Anna Aslanyan

The crime which inspired Crime and Punishment

Kevin Birmingham examines the shocking murder committed by Pierre François Lacenaire in 1834 and how it came to preoccupy Dostoevsky decades later

‘Murder in the Passage du Cheval Rouge’. Pierre François Lacenaire’s brutal crime shook France in 1834, and his story was mirrored in many details in Dostoevsky’s masterpiece decades later. [Bridgeman Images] 
issue 08 January 2022

‘Whether I am a trembling creature or whether I have the right…’ The much quoted words of Rodion Raskolnikov, the protagonist of Crime and Punishment, encapsulate the novel’s main question. Fyodor Dostoevsky first pitched the idea of ‘the psychological account of a crime’ to a publisher in 1865. Three decades earlier, a real-life murderer, Pierre François Lacenaire, waiting for his execution in a French prison, wrote: ‘Only I can decide whether I have done wrong or right to society.’ As Kevin Birmingham shows in his new book, this is but one detail of Lacenaire’s story mirrored in Dostoevsky’s masterpiece; moreover, Dostoevsky’s reflections on the case influenced the way he understood the nature of evil.

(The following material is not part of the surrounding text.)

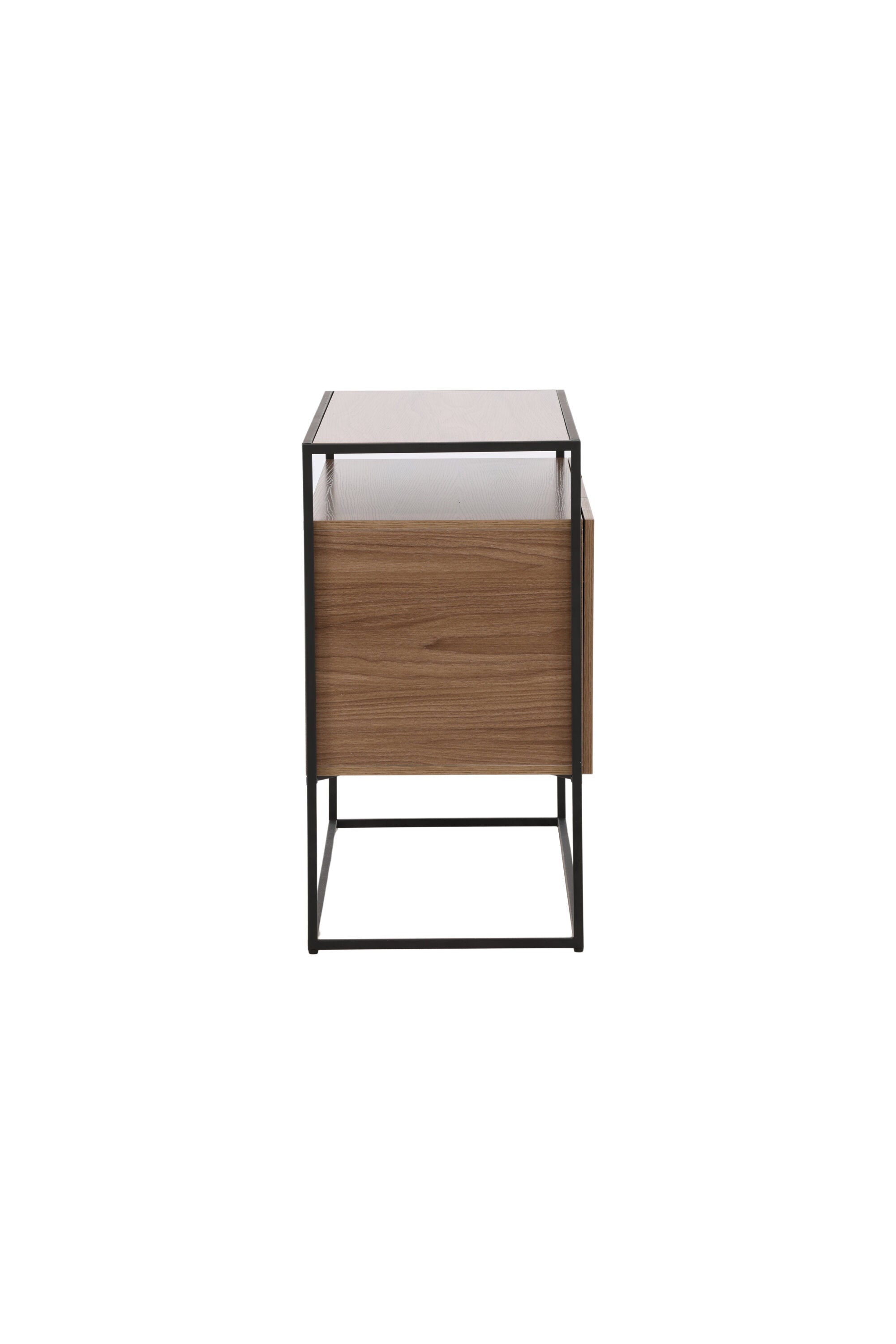Kingsport Kabinett in Nussbaum präsentiert im Onlineshop von KAQTU Design AG. Cabinet ist von Venture Home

The Sinner and the Saint works on several levels: as a historical study, a work of literary criticism and, gratifyingly, a double thriller. Chapters on Dostoevsky and Lacenaire alternate, the storylines running parallel to one another, each towards its own climax. Dostoevsky loses his parents early and renounces his share in his father’s estate to become a writer. Lacenaire is abandoned by his impoverished family and dabbles in poetry. Dostoevsky joins a radical group to read and discuss works banned by censorship; soon the conspirators are denounced and imprisoned. Lacenaire goes to prison for stealing a horse and carriage, and decides that his place is among the outlaws. Dostoevsky and his comrades are sentenced to death. As they stand blindfolded before the firing squad, the mock execution is stopped. His sentence commuted to penal servitude, in Siberia Dostoevsky talks to other inmates and records his observations in a secret diary. Back in Paris, Lacenaire, now a proponent of ‘ferocious materialism’, kills two people. His trial causes a sensation. He enjoys his celebrity status during the proceedings, writes a memoir and dies on the guillotine.

‘One must study so many murders to write just one murder story effectively,’ said Dostoevsky

After ten years in exile, in 1859 Dostoevsky returns to St Petersburg to rejoin literary life.